Quote of the Day – Plus – Boosting Knowledge Boosts Reading, too
THE PLUS
As our legislators debate the best way to keep public schools running during the COVID pandemic, the unfortunate fact remains that even back before the virus hit, Kentucky’s public school system was doing a pretty sorry job with teaching reading.
According to results for the fourth grade from the 2019 National Assessment of Educational Progress (NAEP), overall, only 35% of Kentucky’s public school fourth graders were reading at a proficient or better level while a really disturbing 33% were doing reading at a level the NAEP considers to be below the level that indicates just partial mastery of the skill.
For the Bluegrass State’s Black students, the picture from the 2019 NAEP was positively gruesome. Only 14% of the Black fourth graders could read at a proficient level and a horribly high 57% did so poorly that they were considered to not even have just a partial mastery of the skill.
Kentucky could do a lot better, as I discussed in our recent report about “What Milton Wright knew about reading instruction, but lots of teachers apparently don’t.”

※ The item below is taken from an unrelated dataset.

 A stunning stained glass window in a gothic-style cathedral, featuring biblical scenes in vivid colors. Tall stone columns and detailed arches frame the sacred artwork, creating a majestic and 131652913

One way would be to adopt some of the exciting programs now leading to dramatic reading improvement in Mississippi, where a statewide program is ensuring every teacher knows about and can use the best research on reading to teach their students.
Another way Kentucky could improve would be to recognize the research that Wexler discusses in her Forbes article. A growing number of studies show boosting student content knowledge is associated with much better reading performance, as well.
But, whether Kentucky is teaching students face to face or by NTI, the messages from Mississippi and Wexler seem to fall on deaf ears in the Bluegrass State’s public education system.
As discussed in “What Milton Wright knew about reading instruction, but lots of teachers apparently don’t,” thanks to self-serving lobbying by a small group of teachers, a bill that would have set up a reading program similar to that in Mississippi got shut down completely in the Kentucky House without even getting a hearing in early 2021.
And, as I have written before, especially in the area of social studies, content gets short shrift in the Bluegrass State’s education standards, as well.
So, whether we teach our kids in the school house or their own house really isn’t the most critical question we face.
If we are going to do school at all, we need to figure out much better ways to do it and also figure out how to shake our public education system out of a seemingly built-in-stone mindset that simply ignores the top research about what really works best for kids.
For sure, if we can’t shake our public educators out of their lock-step mindset, then students and parents should be offered some viable choices for education that do the job better.
If we don’t fix reading instruction, the Bluegrass State will face problems that could last long after COVID recedes from primary attention.